The maximum permissible operating speed for the FW-190 have been
reduced from 466 mph at all heights to the following:
|Up to 10,000 ft - 466 mph|
|From 10,000 ft to 16,500 ft - 428 mph|
|From 16,500 ft to 26,250 ft - 360 mph|
These speeds are to be marked on the air speed indicators in each aircraft
and are only permissible with strengthened elevators. Aileron corrections
at high speeds must remain within moderate limits.
The He-177 combines light elevator control with good elevator effect,
but has a comparatively low factor of safety, with the result that wrinkling
of the skin on the wings or wing failures may occur from careless flying.
Permissible pull-out acceleration at the present time amounts to 2.3g with a
flying weight of 27 tons, and crews are reminded that high stresses may be
caused when pulling out of a glide at high speed, by sharply pulling up out of
horizontal flight at any speed, and in steep turns or by strong vertical gusts
at high speed. A warning is issued that the automatic pull-out apparatus can
unintentionally cause a strain of over 2.5g by tail-heavy trimming before the
release of the bombs, by pulling back on the control column at the time of the
automatic pull-out if the centre of gravity lies too far to the rear, or when
dive-bombing is done in very gusty air. In the latter case, speed should be reduced
to 186 mph. The pilot must be trained to watch closely the air speed indicator
and the acceleration warning apparatus during every pull-out.
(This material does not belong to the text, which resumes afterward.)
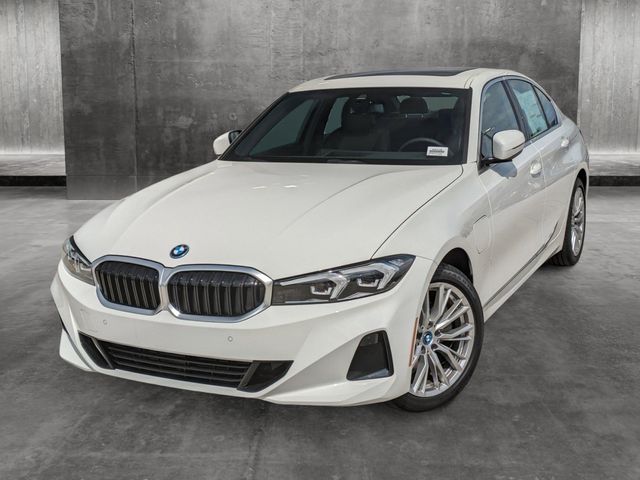 2024 BMW 3 Series 330e xDrive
In the case of all aircraft of the Me-109 series, including the Me-109G,
attention is called to the numerous accidents caused by wing breakages,
resulting from strains induced by air speeds in excess of the permissible
maximum limits. All previous limitations are therefore cancelled and the
following are substituted (previous limits are given for comparison):
|Up to 10,000 ft || 466 mph ||466 mph|
|At 16,500 ft || 435 mph ||425 mph|
|At 23,000 ft || 357 mph ||382 mph|
|At 30,000 ft || 280 mph ||341 mph|
|At 38,000 ft || 248 mph ||304 mph|
A corresponding notice is to be placed on all airspeed indicators in these aircraft.
Warning is also given against yawing in a dive, which under certain
conditions leads to high, one-sided wing stresses which the wing tips cannot
support. When yawing occurs, the dive is to be broken off gradually, without
exercising force. Wing tips must be examined and checked frequently for
signs of failures. When yawing is encountered during turning, correction must
be made with the rudder only and not with the ailerons. Mention is also made
of high-wing stresses caused by the unintentional unlocking of the landing gear
especially the dropping of one side in a dive. It is stated that steps are being
taken to prevent this.
Apparently, even the yellow recognition paint on the ailerons changes
their characteristics unfavorably and paint already put on is to be removed.
Reference is made to the difficulty of controlling Ju-88 aircraft at a dive
angle of 60°, and it is stated that in the future they are to be rigged for a dive
angle of 50° only. This will limit the indicated air speed in the dive to between
329 and 341 mph as against 341 to 354 mph obtained in a 60° dive.